You may already be familiar from our IQ traffic maps how abnormal flow is represented as ever more intense colours on the road. Watching the changes as they happen across the network, you can follow and learn to predict the level of impact. Minor slowdown on more remote roads won’t have a significant impact, whereas those with big changes in a dense urban network, or major freeways, could cause the kind of chaos that lasts for hours.  

The experts we have at INRIX use this kind of view to add context to our reports, estimating the impact and duration. But they can’t cover every incident, so I assembled a small team to try and help them out. 

Large Language Models (LLMs) are Good, but not Great 

AI is transforming the world, how we work, how we learn and how we digest information. The computational unit behind this is transformer architecture that encodes the relationship between words, the simple act of predicting the next word from the preceding context has changed the game. The best models are now on par with the smartest of human minds on a diverse range of subjects. 

However, while these LLMs are fantastic at lots of things, they are not great at interpreting traffic. That’s partly because unlike text, traffic is the consequence of multiple dimensions (the traffic on one road is influenced by all the roads that feed both in and out) these changes are also temporal.  Flow changes over time, as the density of vehicles builds up and dissipates due to the (in)ability of cars to move forward. Encoding the context in a way that a transformer can make sense of is a real challenge, and something I have been thinking about as I focus on my day job highlighted in this blog, The Need for Traffic Foundation Models.  

There are some fantastic advantages to an LLM that can make sense of incidents. Being able to query the potential impact and duration of the issue in natural language means we can unlock a diverse range of products suitable for co-pilots, voice-assistants, and automated report generation.

The Secret Sauce 

Given the challenges, how did we solve the problem? Well, the first part was an embedding issue. We treated the road network as an interconnected graph, where the roads-segments are linked together at intersections. This representation, where each road-segment, with their own unique traits, are encoded by a particular dictionary of symbols each with their own properties, starts to resemble other graph structures. Namely molecules.  

On the left, the chemical structure of caffeine (from Wikipedia), colored by chemical element. The right shows the main routes in, out, and across Seattle colored by congestion-affected speed (from iq.inrix.com). The combination of element and structure (note the rings) in caffeine keeps people awake, similarly, the ring connections and congestion keeps Seattle-DOT’s traffic-planners awake.

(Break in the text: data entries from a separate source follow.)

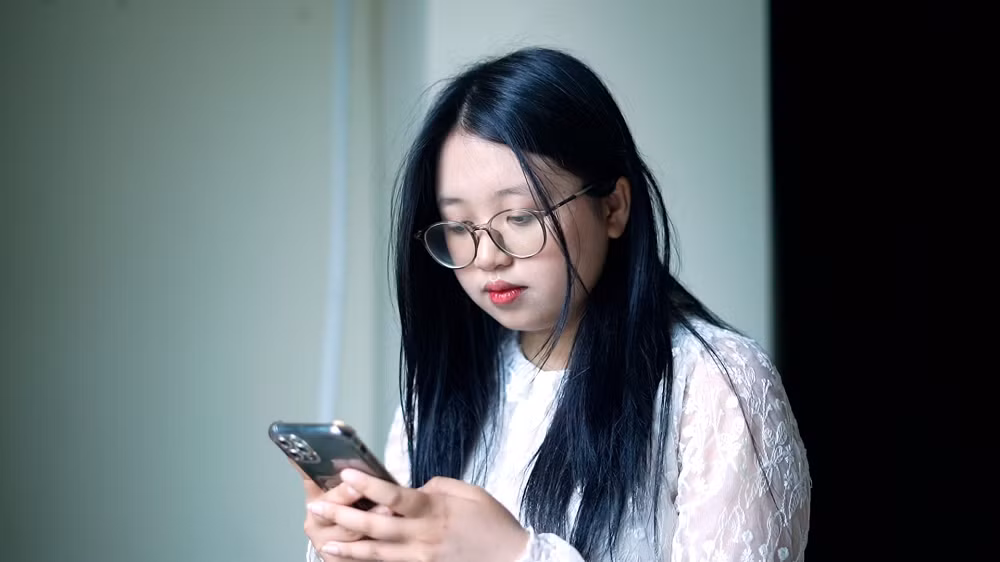 Không ít người thậm chí lựa chọn từ chối công việc liên quan đến AI hoặc chuyển sang ngành nghề khác để tránh phụ thuộc vào máy móc.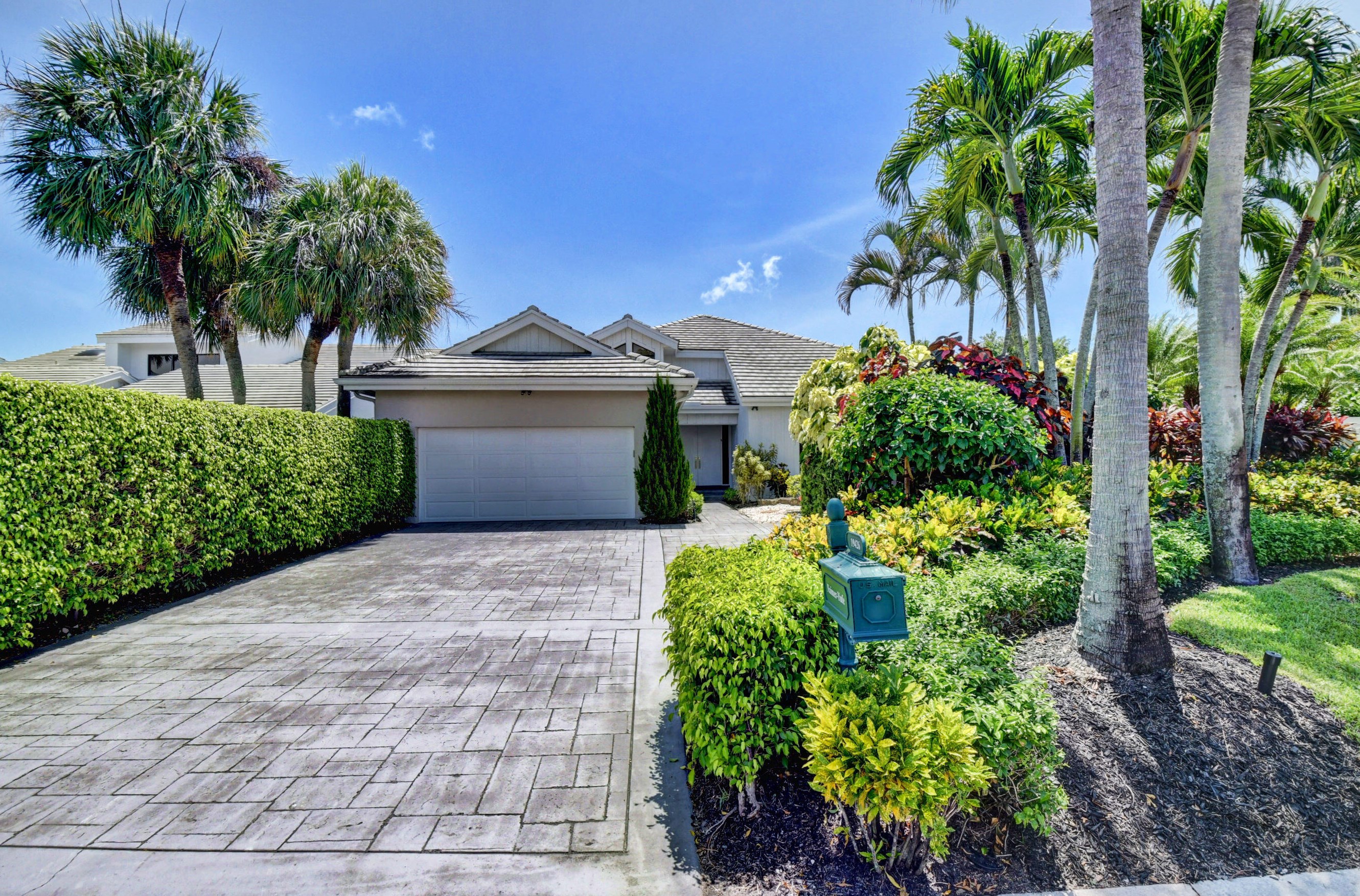 19426 Chapel Creek Dr, Boca Raton FL  33434-5168 exterior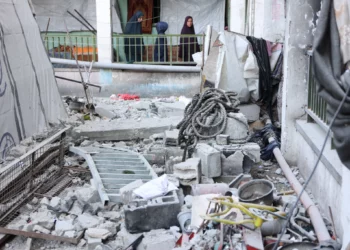 La gente inspecciona los daños en el lugar de un ataque israelí que, según las FDI, tuvo como objetivo a los operativos de Hamás instalados en la escuela Musa Bin Nusair en la ciudad de Gaza el 22 de diciembre de 2024 (Omar AL-QATTAA / AFP)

These similarities (in structure and propertyallow us to encode traffic congestion using a system like SMILES, a text-based representation of chemical structure that LLMs can understand. 

Borrowing heavily from computational chemistry, we created a system of encoding traffic graphs as versions of SMILES strings. Tracking the lifecycle of congestion on thousands of archival incidents as a series of molecular-like strings combined with expert annotation we generated a corpus of training data suitable for fine-tuning an open-source multi-billion parameter model. 

Of course, traffic is tricky, and we wanted to create something that could minimise mistake made. So, using a training scheme that introduced reasoning into the base model alongside our new representation of traffic. These models consider a problem internally as if mulling-over a problem, producing more reliable output on more complex problems. Wfine-tuned a model to become the traffic expert almost as good as our in-house team. 

The Future of AI in Traffic Intelligence 

I am a big fan of innovation weeks, for lots of reasons. Sometimes we can use them to upskill in all kinds of new technical skills; or to get those nagging ideas out of your head and into silicon. On other occasions we get to work with people we don’t normally cross paths with, in parts of the business we rarely venture into. On this occasion the stars aligned for me and all those pieces fell into place. The model itself needs a bit of work, but we made a fantastic start, and proves the idea has legs.